Content starts

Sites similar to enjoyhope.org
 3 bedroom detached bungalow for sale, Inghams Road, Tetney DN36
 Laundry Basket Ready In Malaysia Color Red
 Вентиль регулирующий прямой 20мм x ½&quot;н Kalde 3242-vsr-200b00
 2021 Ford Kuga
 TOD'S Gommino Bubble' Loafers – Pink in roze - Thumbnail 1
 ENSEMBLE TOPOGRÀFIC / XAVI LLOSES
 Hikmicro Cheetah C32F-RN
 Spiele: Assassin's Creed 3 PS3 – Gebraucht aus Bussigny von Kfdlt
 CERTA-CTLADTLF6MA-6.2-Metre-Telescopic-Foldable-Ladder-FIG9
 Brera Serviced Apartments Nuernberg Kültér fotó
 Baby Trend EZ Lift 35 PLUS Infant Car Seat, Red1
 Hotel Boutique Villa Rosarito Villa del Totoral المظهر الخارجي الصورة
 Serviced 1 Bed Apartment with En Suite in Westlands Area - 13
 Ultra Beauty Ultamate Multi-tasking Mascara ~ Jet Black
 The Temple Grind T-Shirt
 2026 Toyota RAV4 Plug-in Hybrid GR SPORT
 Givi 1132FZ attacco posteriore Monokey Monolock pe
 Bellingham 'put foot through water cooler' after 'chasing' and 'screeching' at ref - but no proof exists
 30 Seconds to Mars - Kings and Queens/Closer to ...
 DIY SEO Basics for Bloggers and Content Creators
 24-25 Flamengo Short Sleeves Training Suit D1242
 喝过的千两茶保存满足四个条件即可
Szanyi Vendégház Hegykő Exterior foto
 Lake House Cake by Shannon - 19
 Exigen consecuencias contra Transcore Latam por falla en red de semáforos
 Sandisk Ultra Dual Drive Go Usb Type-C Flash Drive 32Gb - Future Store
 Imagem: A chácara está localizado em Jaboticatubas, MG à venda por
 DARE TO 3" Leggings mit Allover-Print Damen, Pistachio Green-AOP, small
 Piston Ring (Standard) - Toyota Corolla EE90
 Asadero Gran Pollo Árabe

Content ends

◆ Task prompt ◆
Could you copy out all of the records above exactly?

◆ The completed task ◆
Sites similar to enjoyhope.org
 3 bedroom detached bungalow for sale, Inghams Road, Tetney DN36
 Laundry Basket Ready In Malaysia Color Red
 Вентиль регулирующий прямой 20мм x ½&quot;н Kalde 3242-vsr-200b00
 2021 Ford Kuga
 TOD'S Gommino Bubble' Loafers – Pink in roze - Thumbnail 1
 ENSEMBLE TOPOGRÀFIC / XAVI LLOSES
 Hikmicro Cheetah C32F-RN
 Spiele: Assassin's Creed 3 PS3 – Gebraucht aus Bussigny von Kfdlt
 CERTA-CTLADTLF6MA-6.2-Metre-Telescopic-Foldable-Ladder-FIG9
 Brera Serviced Apartments Nuernberg Kültér fotó
 Baby Trend EZ Lift 35 PLUS Infant Car Seat, Red1
 Hotel Boutique Villa Rosarito Villa del Totoral المظهر الخارجي الصورة
 Serviced 1 Bed Apartment with En Suite in Westlands Area - 13
 Ultra Beauty Ultamate Multi-tasking Mascara ~ Jet Black
 The Temple Grind T-Shirt
 2026 Toyota RAV4 Plug-in Hybrid GR SPORT
 Givi 1132FZ attacco posteriore Monokey Monolock pe
 Bellingham 'put foot through water cooler' after 'chasing' and 'screeching' at ref - but no proof exists
 30 Seconds to Mars - Kings and Queens/Closer to ...
 DIY SEO Basics for Bloggers and Content Creators
 24-25 Flamengo Short Sleeves Training Suit D1242
 喝过的千两茶保存满足四个条件即可
Szanyi Vendégház Hegykő Exterior foto
 Lake House Cake by Shannon - 19
 Exigen consecuencias contra Transcore Latam por falla en red de semáforos
 Sandisk Ultra Dual Drive Go Usb Type-C Flash Drive 32Gb - Future Store
 Imagem: A chácara está localizado em Jaboticatubas, MG à venda por
 DARE TO 3" Leggings mit Allover-Print Damen, Pistachio Green-AOP, small
 Piston Ring (Standard) - Toyota Corolla EE90
 Asadero Gran Pollo Árabe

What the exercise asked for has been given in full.